Так, мало-помалу, каждый задвигался, зашевелился, подстрекая другого и добиваясь наслаждения для себя. Я пожирал глазами эти соблазнительные движения, эти сумасбродные позы. Вскоре крики и вздохи смешались. Огонь пробежал по жилам, руки мои блуждали по чьим-то телам и находили те самые тайные красоты моих наперсниц, что заставляли меня корчиться от сладострастия. Я грыз, кусался, мне кричали: остановись! — но я только удваивал силы. Меня уморила моя чрезмерность, голова опустилась, и я лишился сил. «Довольно! — вскричал я. — Ох! Ноги! Какая сладкая щекотка. Ну, мне же больно… Ты меня губишь… Судорога сводит мне ноги… О…» Я чувствовал, как меня разбирает восторг, но мои красотки потеряли власть над собою и лишились чувства. Я обнимал их уже бесчувственных и тонул в собственных излияниях. То было огненное истечение, не имевшее конца.

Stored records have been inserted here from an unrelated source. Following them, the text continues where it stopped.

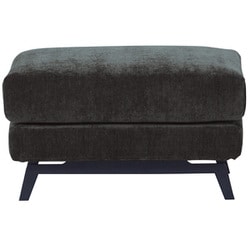 スツール エレーナ チャコール 344459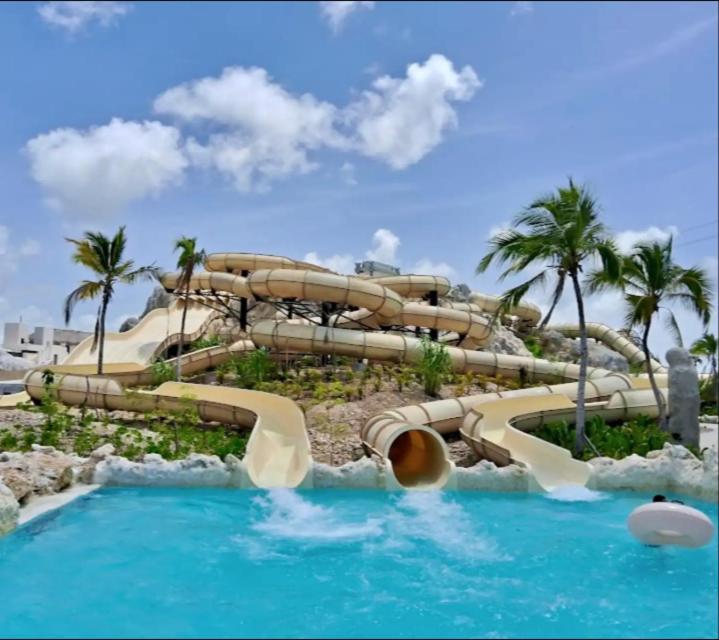 Cap Cana Luxury 2br 2ba With Pool, Near Juanillo And Golf Apartment
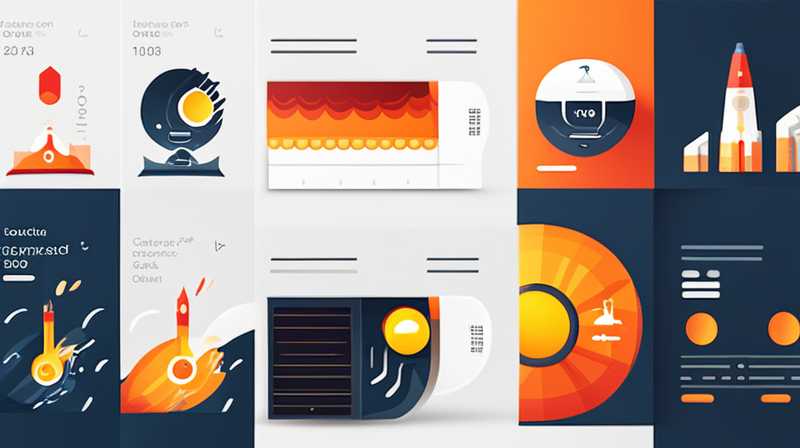 How many degrees should the solar barrel burn?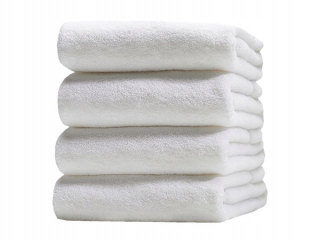 Biely kúpeľňa Premium 550G Hotel Spa 70x140 cm Terry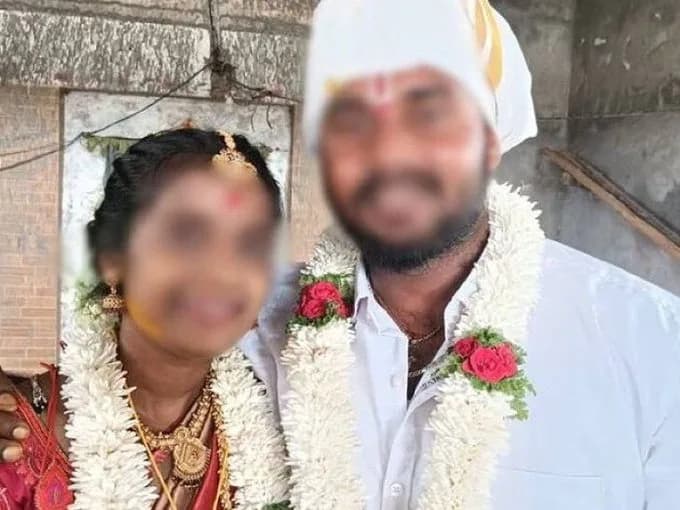 పెళ్లి చేసుకున్న సొంత అక్కాతమ్ముళ్లు!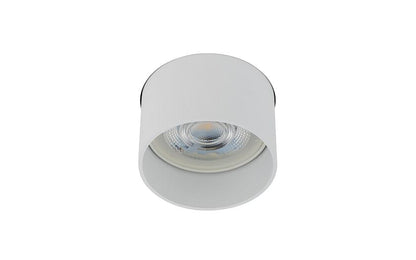 MONO SLIDE TRIMLESS inbouwspot wit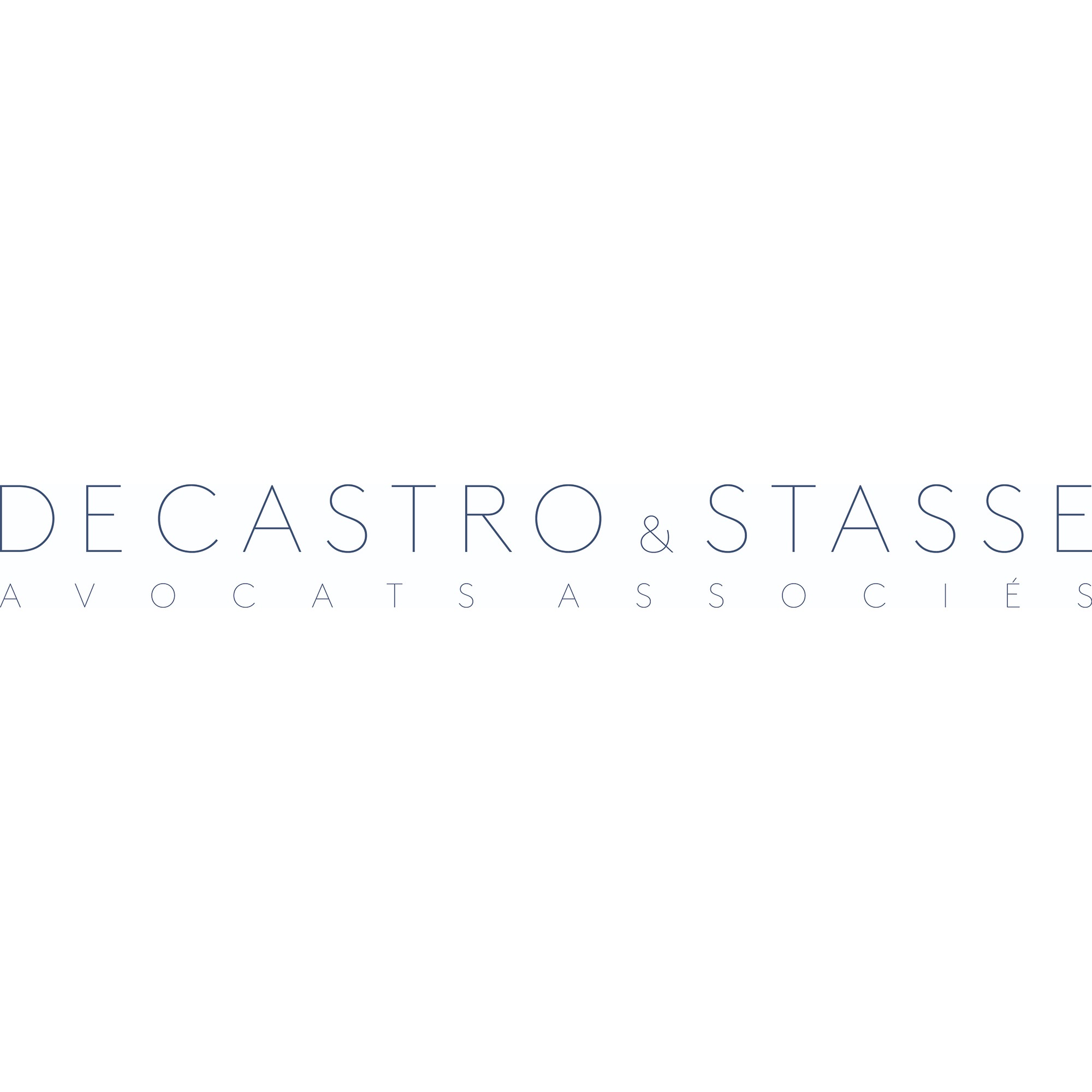De Castro & Stasse
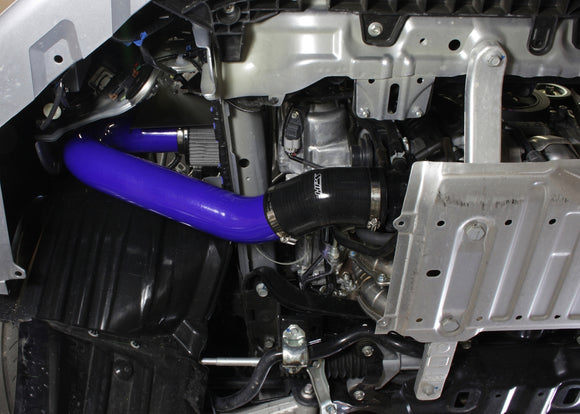 HPS エアインテーク Subaru WRX 2.0L Turbo 2015-2021用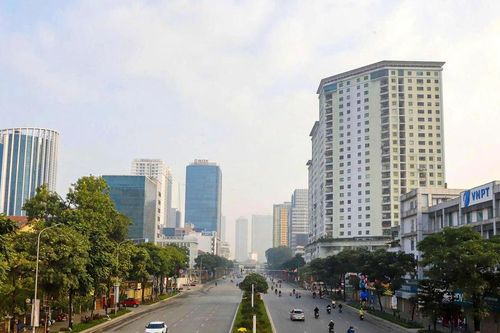 Hà Nội, TP.HCM lọt Top 50 thành phố tốt nhất thế giới 2026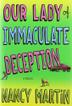 Cover art for OUR LADY OF IMMACULATE DECEPTION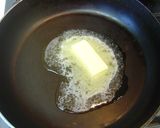 簡単！ダマ知らずのホワイトソース♪作り方1写真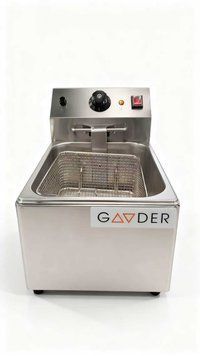 Фритюрниця Gooder EF-6L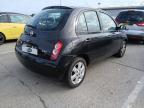2004 NISSAN MICRA SVE AUTO  for sale at Copart SANDWICH
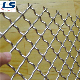  Factory Price Galvanized Crimped Wire Mesh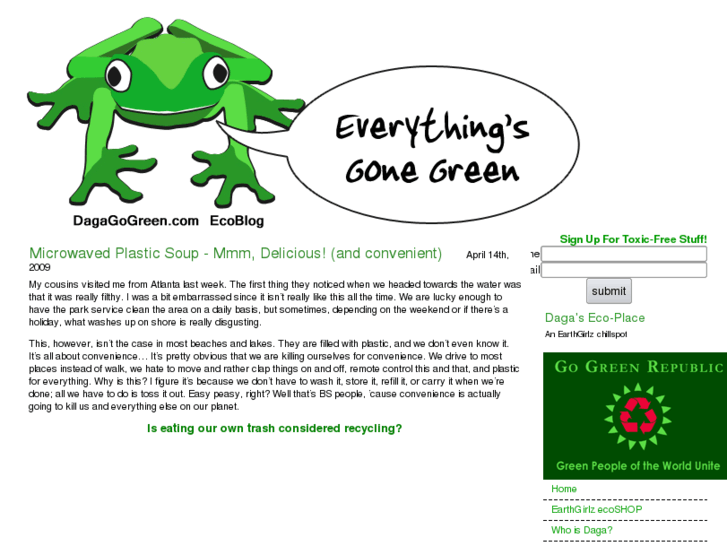 www.dagagogreen.com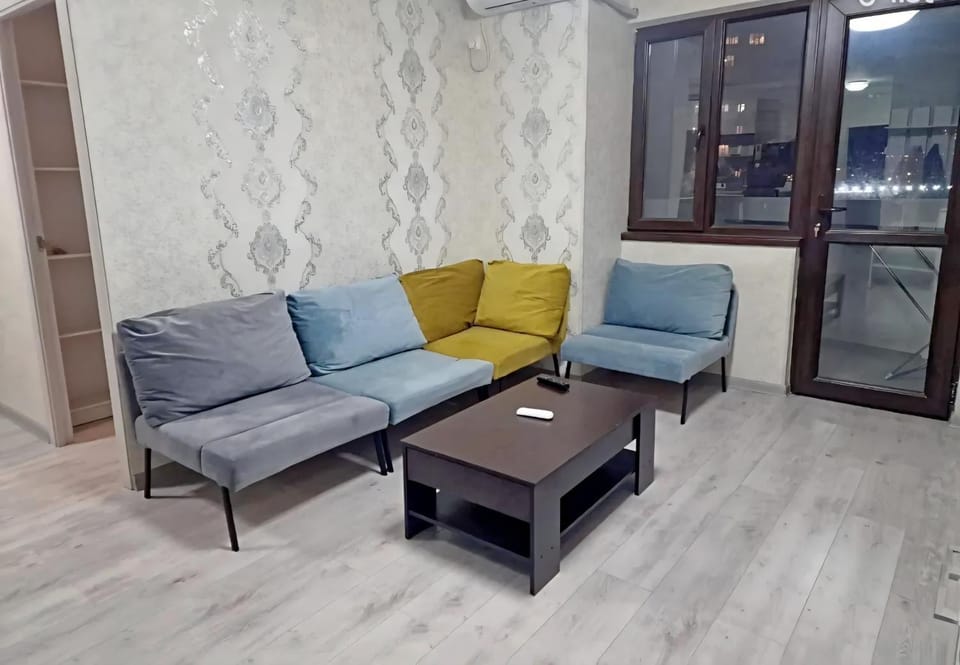Башинджагян 192-2 Apartment in Yerevan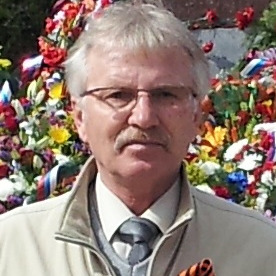 Александр Черемин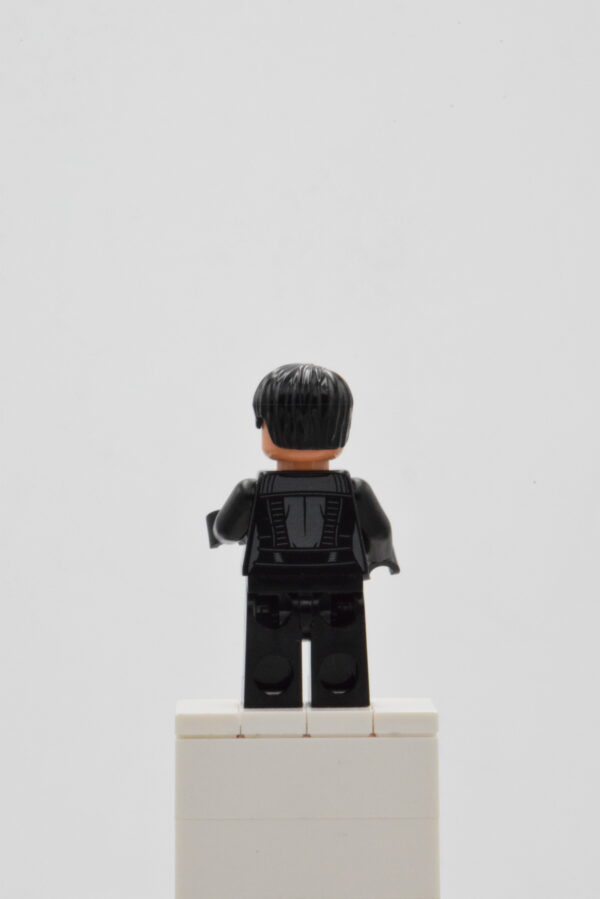 sh0788 LEGO Super Heroes - Selina Kyle – Image 3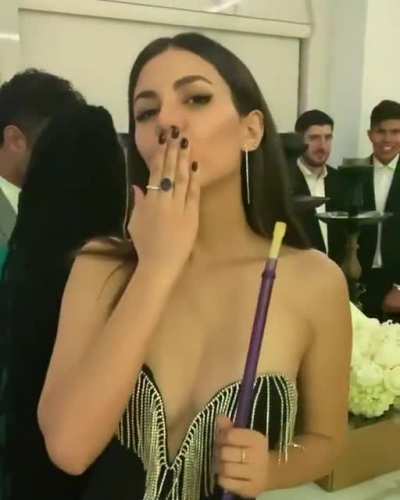 Victoria Justice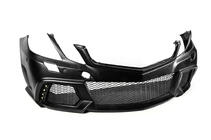 Mercedes razred E kupe C207 2010–2017 Komplet body kita 2009-2012 (WALD, steklena vlakna) fotografija 3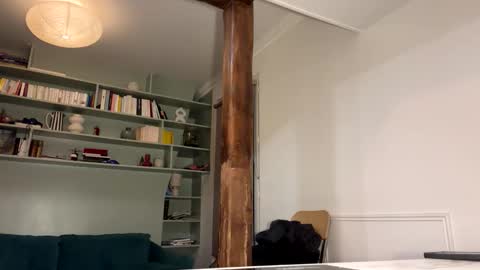 highnightz online show from 7, 3, 2026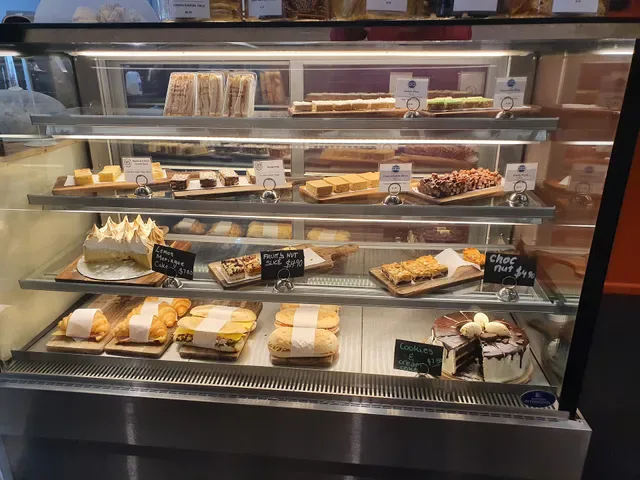 Cafe Peppercorn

Гамиани: — Ах, какой сладости вкусили вы, Альсид! Как я этому завидую! Ах, Фанни, равнодушная… Да она, кажется, спит?
Фанни: — Оставьте меня, Гамиани. Снимите с меня руку, она давит. Бог мой! Я мертва… Какая ночь… Дайте спать… Я…
Бедное дитя зевнуло, повернулось на другой бок и, маленькое и ослабевшее, свернулось на углу кровати. Я хотел ее привлечь к себе, но графиня остановила меня:
— Нет-нет, я понимаю ее… Что до меня, я обладаю совершенно иным характером. Я раздосадована, я мучусь, я хочу… Ах, взгляните на меня… Мне хочется смерти, я чувствую ад в душе и огонь в теле. Не знаю, что с собой поделать, моя страсть не знает меры.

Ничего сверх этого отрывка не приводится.